> [Prompt]: Retype the data below exactly; skip every image.
[Opening Provided material section]
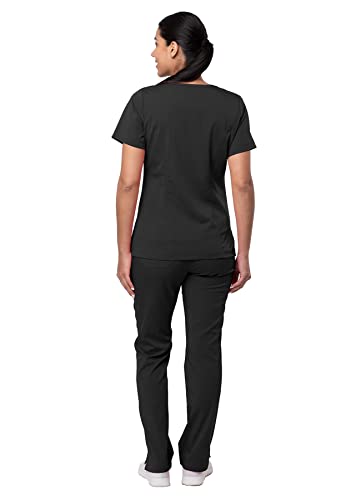 Adar Pro Breakthrough Plus Scrub Set For Women - Enhanced V-Neck Top & Multi Pocket Pants - 4400 - Black - S #TOP1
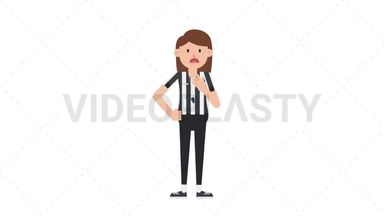 White Female US Referee Shortness of Breath Stock Animation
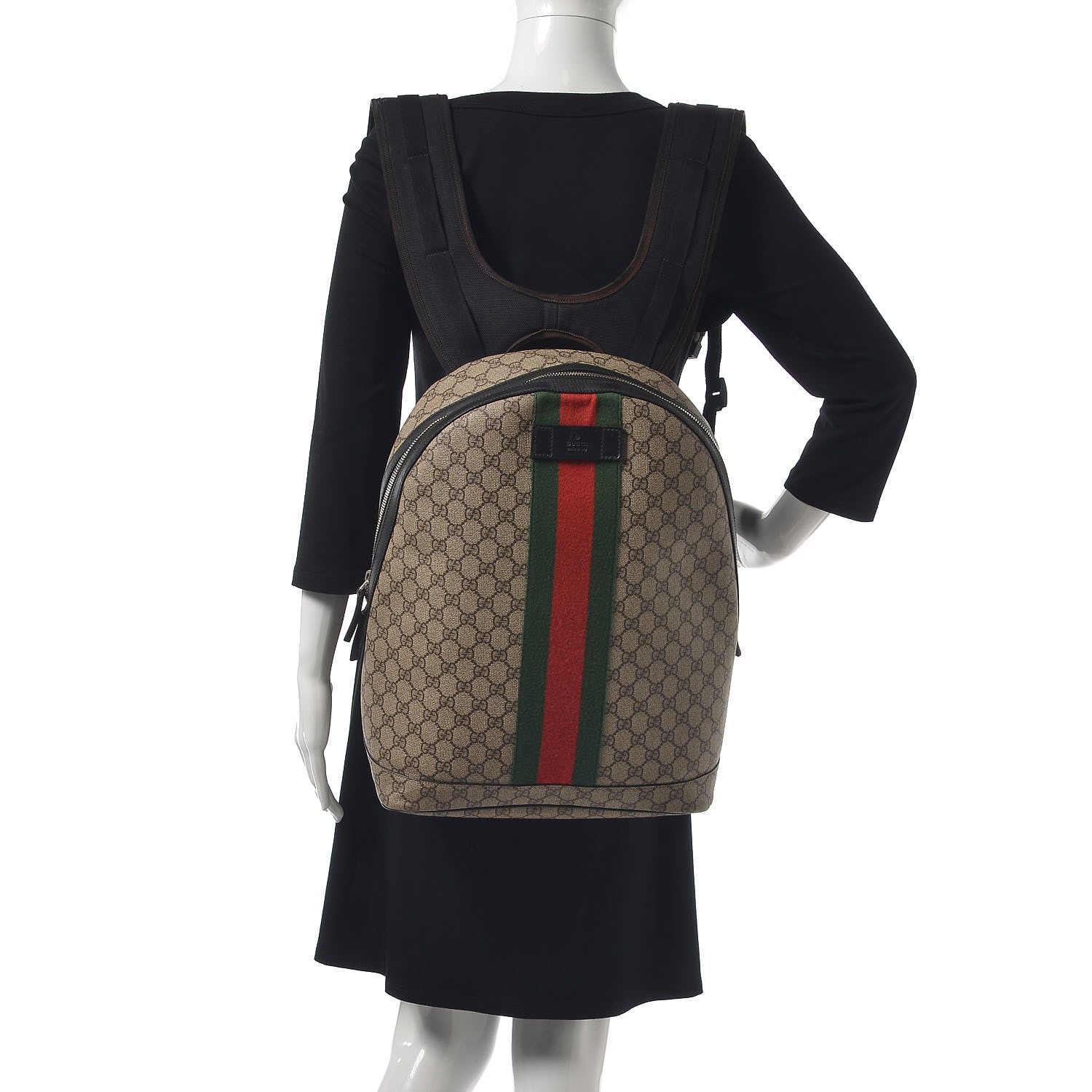 Gucci GG Supreme Monogram Web Dome Backpack Black 2 of 12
[Closing Provided material section]
> [Answer to this exercise]:
 Adar Pro Breakthrough Plus Scrub Set For Women - Enhanced V-Neck Top & Multi Pocket Pants - 4400 - Black - S #TOP1
 White Female US Referee Shortness of Breath Stock Animation
 Gucci GG Supreme Monogram Web Dome Backpack Black 2 of 12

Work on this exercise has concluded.